This year’s World Cup of soccer in Germany means one thing for gringo surfers: Pack your board bags and get to futbol-crazed Latin America for empty lineups! With all the hoopla surrounding la Copa Mundial, local surfers will be hard-pressed to paddle out while their beloved colors fight for soccer world supremacy during — that’s right — day games. And how much do we really care about soccer north of the Rio Grande? Yeah, the U.S. enters the Cup fielding a solid squad, but peeling point breaks and hollow barrels have precedence over national pride.
Viva Futbol! There isn’t a sporting event in the world that fires up Mexicans like the World Cup. It’s the Superbowl, World Series, and Olympics all rolled together into one gigantic tortilla. The Mexican national team enters Germany with arguably its best team ever. With a FIFA ranking of fourth in the world, the usually disappointing Mexican national team has high hopes, and a comparatively easy grouping that should lead them into the second round. That translates into at least three weeks of local surfers parked in front of satellite-fed television screens screaming, “GOOOAAAL!” Best bet is to undertake mainland Mexico for the huge south swells of the summertime, and the farther south the better.
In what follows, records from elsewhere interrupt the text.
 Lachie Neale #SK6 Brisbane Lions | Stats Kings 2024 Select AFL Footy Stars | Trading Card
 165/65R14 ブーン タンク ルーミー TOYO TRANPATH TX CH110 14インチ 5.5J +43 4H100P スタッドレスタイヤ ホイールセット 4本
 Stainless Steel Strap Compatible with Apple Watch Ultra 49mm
Escondido should see a huge population drop, and considering the hardcore bands of locals that own the break, Mex Pipe will be open for business. Other spots like Barra Nexpa, Pasquales, and La Ticla, where locals aren’t as predominant, should also see reduced numbers in the lineups.
The Costa Rican squad enters the World Cup as a dark horse. The team isn’t expected to advance past the first round, but don’t tell that to the locals. Experts said the same thing in ’02 when the Ticos shocked the world by making it to the second round. Costa Ricans take their soccer very seriously, and being one of the smallest countries to compete in the World Cup, they see an opportunity to cement their global powerhouse status. But it’s not all business. I was in Dominical for the World Cup in ’02 and the guaro flowed like Coors Light at a frat party. Since the games were at night, hangovers were the only cause for lightened lineups, and those were easily cured by the adrenaline rush of watching someone get shacked. This year, thanks to a more accommodating German time zone, things will be different. Although the usual ex-pat brigade will scour Pavones, dropping in on its long, peeling lefts will be less arduous without the locals. The rest of the southern Pacific coast gets pounded by summer swells heeding the same results. Dominical, Hermosa, the Osa Peninsula — take your pick.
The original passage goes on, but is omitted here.